There's a reason the Founding Fathers enumerated very few "inalienable" rights, because there are only a few, no matter how fundamental they are to our society, and civilization in general.
More specifically, no material right can be inalienable by definition. This is something very few people seem to understand and yet the foundation of "liberal" policy assumes the very opposite. You cannot have an inalienable right to a finite resource, because it's always possible for there to simply not be enough of that resource.
So, do you have a right to have access to health care? Sure.
Reasonably priced health care? Yes, whenever possible. You have the right in general not to be extorted. Therefore you have the right to be charged a fair amount for services and products. What's fair? That's another can of worms, but let's move on.
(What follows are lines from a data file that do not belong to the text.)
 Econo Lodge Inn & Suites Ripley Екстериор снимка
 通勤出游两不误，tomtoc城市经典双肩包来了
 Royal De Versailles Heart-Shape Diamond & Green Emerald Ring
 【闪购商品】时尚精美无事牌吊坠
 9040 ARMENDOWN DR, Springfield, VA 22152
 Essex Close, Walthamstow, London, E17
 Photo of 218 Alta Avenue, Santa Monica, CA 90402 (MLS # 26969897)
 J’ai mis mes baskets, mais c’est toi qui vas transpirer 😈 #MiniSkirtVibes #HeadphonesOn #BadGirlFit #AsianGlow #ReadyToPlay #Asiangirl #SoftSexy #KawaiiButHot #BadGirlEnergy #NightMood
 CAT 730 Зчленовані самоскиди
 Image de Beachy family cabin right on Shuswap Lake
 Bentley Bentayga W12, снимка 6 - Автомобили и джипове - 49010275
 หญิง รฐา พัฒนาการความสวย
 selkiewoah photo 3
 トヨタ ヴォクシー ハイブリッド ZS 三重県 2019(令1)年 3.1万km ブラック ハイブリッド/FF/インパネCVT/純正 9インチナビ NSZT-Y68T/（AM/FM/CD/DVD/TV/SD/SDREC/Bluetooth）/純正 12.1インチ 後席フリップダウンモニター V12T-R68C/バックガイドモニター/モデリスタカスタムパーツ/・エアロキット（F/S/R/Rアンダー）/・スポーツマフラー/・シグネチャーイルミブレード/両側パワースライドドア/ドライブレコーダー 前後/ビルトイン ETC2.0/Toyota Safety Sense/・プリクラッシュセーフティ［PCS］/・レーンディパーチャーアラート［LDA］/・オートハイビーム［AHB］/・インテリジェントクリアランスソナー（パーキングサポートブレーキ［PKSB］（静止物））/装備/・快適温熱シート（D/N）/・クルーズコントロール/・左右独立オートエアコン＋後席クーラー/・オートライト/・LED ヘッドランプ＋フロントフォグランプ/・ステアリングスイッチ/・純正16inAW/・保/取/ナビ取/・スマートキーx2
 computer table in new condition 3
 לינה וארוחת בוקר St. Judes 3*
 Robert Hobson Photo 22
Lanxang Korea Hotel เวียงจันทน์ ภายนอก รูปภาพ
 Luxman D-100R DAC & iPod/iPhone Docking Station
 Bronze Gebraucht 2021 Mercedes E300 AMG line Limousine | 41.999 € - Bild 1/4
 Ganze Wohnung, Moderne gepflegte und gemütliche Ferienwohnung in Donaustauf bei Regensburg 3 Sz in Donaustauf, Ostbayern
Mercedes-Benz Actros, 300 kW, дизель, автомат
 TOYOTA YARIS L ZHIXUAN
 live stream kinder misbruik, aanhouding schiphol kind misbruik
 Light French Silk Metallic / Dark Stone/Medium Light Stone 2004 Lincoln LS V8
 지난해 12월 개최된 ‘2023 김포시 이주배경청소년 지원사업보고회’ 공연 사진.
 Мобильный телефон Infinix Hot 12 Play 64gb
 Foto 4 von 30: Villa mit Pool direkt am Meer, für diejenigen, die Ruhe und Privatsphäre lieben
Free health care? Absolutely not. This is not a right and cannot be a right, even a non-inalienable right. It's literally impossible to provide it so how could it be considered a "right", especially given the extremely vague nature of the concept of "health care", which today is considered to comprise a much broader range of products and services than what is literally needed to cure sickness (as opposed to maintain health... it's an important distinction).
If you do have some form of health care that you do not pay for directly, it's a privilege. It's arguable that to grant everyone this privilege is a good idea and an attainable goal (although I don't think it is), but we are not talking about rights.
We are decades too far into this debate to still have this much trouble defining our terms.